Description of the task. Leaving out the pictures, print exactly the lines from the one holding "Marc Jacobs Sonnenbrille MARC 800/S MNG/9O" to the last line of the entries below, both included, and nothing more.

Available data.
***

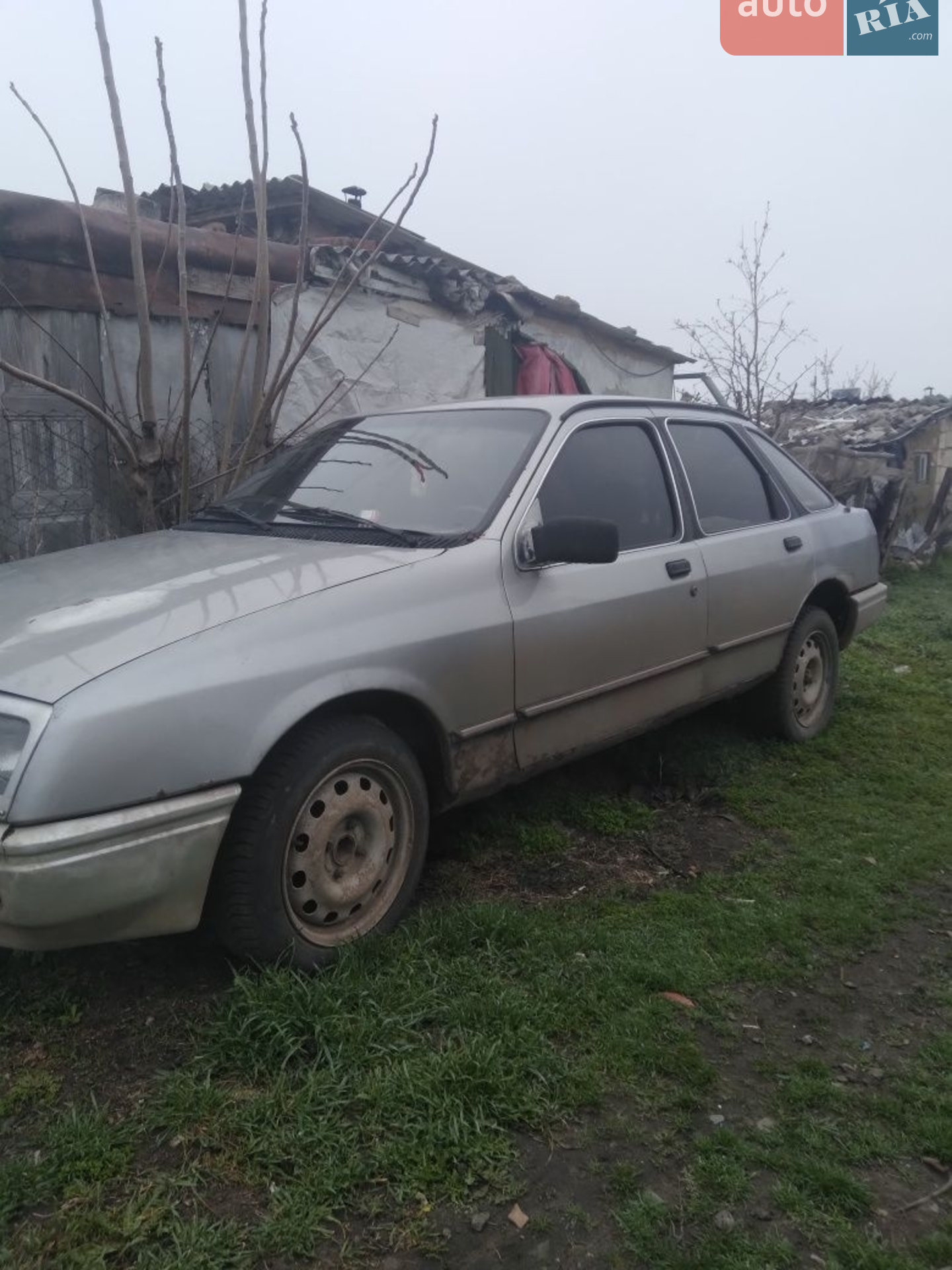 Фото авто 9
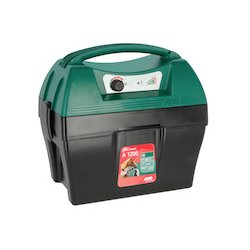 El-hegn AKO Mobil Power A1200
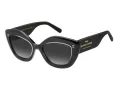 Marc Jacobs Sonnenbrille MARC 800/S MNG/9O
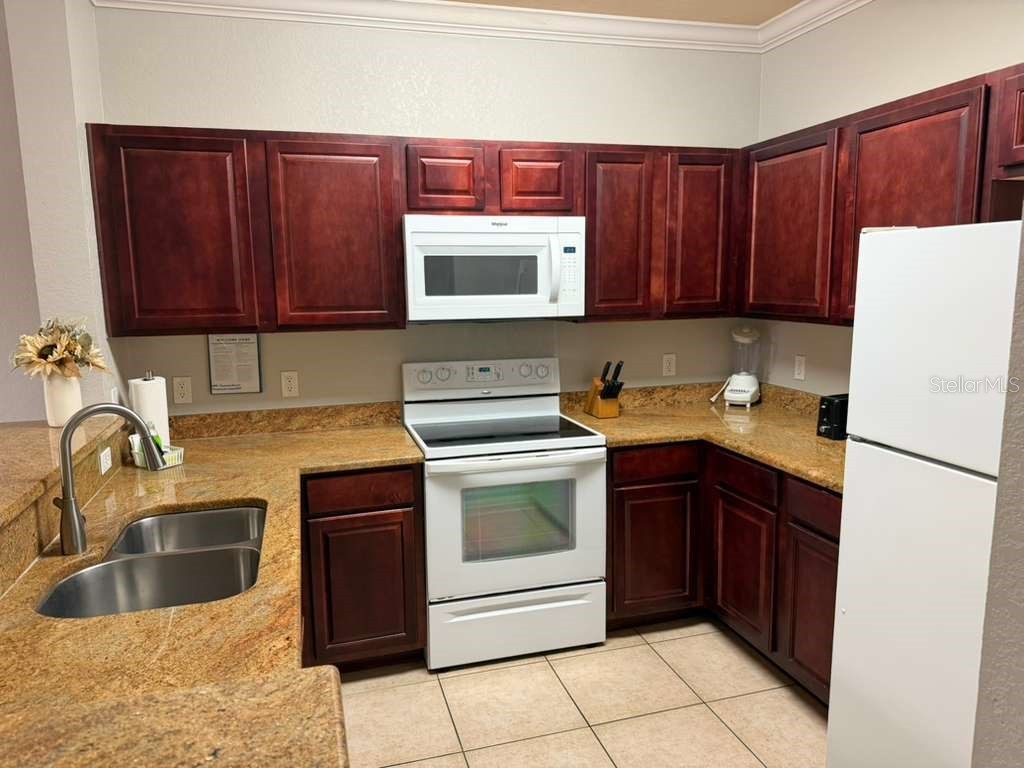 1301 Tuscan Terrace #9301 Davenport FL 33896 O6379915 image9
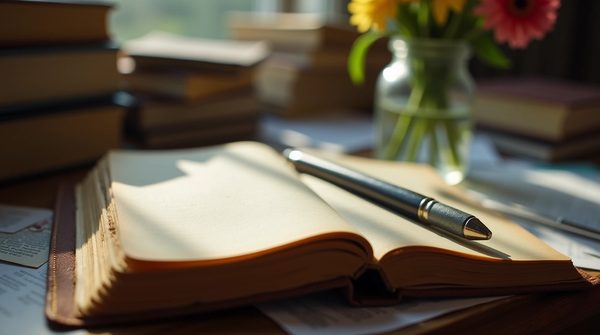 Guide complet des cosmétiques, soins et entretien chevaux pour le bien-être de votre équin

***

Answer box.
 Marc Jacobs Sonnenbrille MARC 800/S MNG/9O
 1301 Tuscan Terrace #9301 Davenport FL 33896 O6379915 image9
 Guide complet des cosmétiques, soins et entretien chevaux pour le bien-être de votre équin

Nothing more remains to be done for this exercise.